Bechdel Testing Life, The Bunker

Bechdel Theatre’s look at the Bechdel Test in life, the test is usually associated with the screen following Alison Bechdel’s 1985 comic strip looking at the failure of women to find a tale that was about them, rather than women talking about men. Bechdel Testing Life are currently fundraising to go to Edinburgh this year.

The timing of this weekend (22-23 July) of four Bechdel appropriate plays is apt considering the recent criticism of Hampstead Theatre’s lack of female writers in its upcoming season. It is disappointing to know, not just through this project and Herstory but throughout London there are some brilliant contemporary writers who identify as female and Hampstead’s suggestion that there isn’t interest isn’t just insulting, it is inaccurate.

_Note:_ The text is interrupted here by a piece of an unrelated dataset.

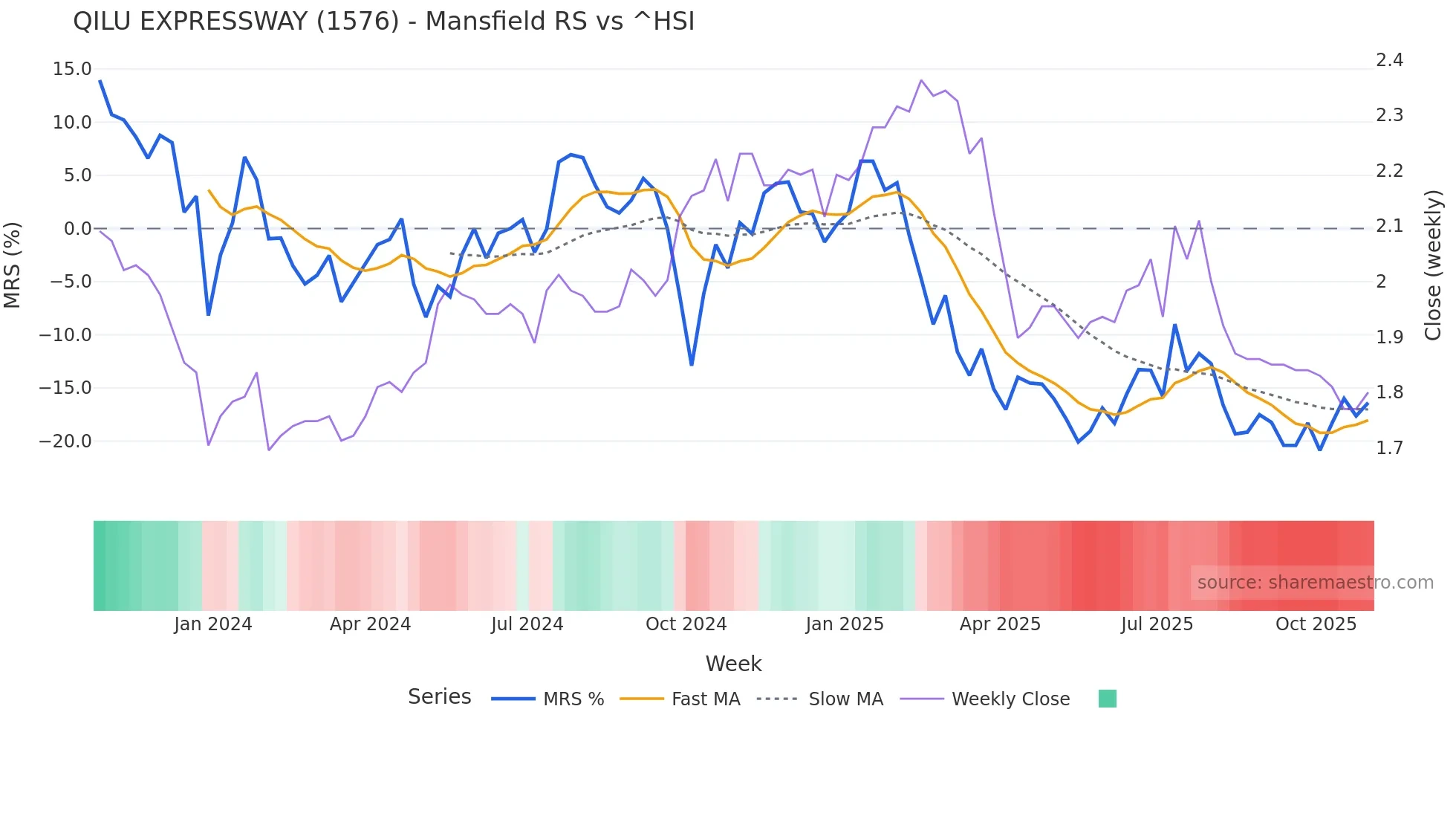 1576 Mansfield Relative Strength chart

On a more positive note Shakespeare’s  Globe announced the appointment of Michelle Terry, a skilled and emotionally intelligent actress whose work ranges from Shakespeare to working extensively with Katie Mitchell. Terry has also been vocal, as a new mother, about opportunities in the arts. Her high profile will not only be good for a Globe, that is recovering from the appointment of Emma Rice but also her dismissal.



Writer: Rabiah Hussain
Director: Lotte Ruth Johnson

A tale of two sisters; One aspirational, a response to her shame and distance from her past (Katherine Hurley) and the other who embraces the lifestyle and home she grew up in (Libby Rodliffe). Hussain’s tale really rang true to me. A story about selective memory as well as having memories that never leave you. Hurley’s Amy growing up resentful and leading to estrangement from her late mother contrasts with the arty Alex (Rodliffe). A modern look at life and one of the stories of the night that realises that Bechdel Test should not dismiss all relationships.


Slow Ripening Fruit

Writer: Lizzie Milton
Director: Nastazja Somers

Directed by “The Hardest Working Woman in Theatre” (copyright me) Somers recently starred in Torn Apart (Dissolution) and curated Herstory. This play follows on from themes I now associate with Somers; Queer thinking, straight talking issues women face. Milton’s story focuses on three friends, distanced by time and secrets. The things they had in common; sexuality and drinking are still there but Acushla-Tara Kupe’s character’s bisexuality remains an issue (One of the things I questioned from the play was whether the other characters (Julie Cheung-Inhin and Michelle Barwood) were even still lesbians. Their sexuality as adults being less of a focus compared to their teenage years in Croydon.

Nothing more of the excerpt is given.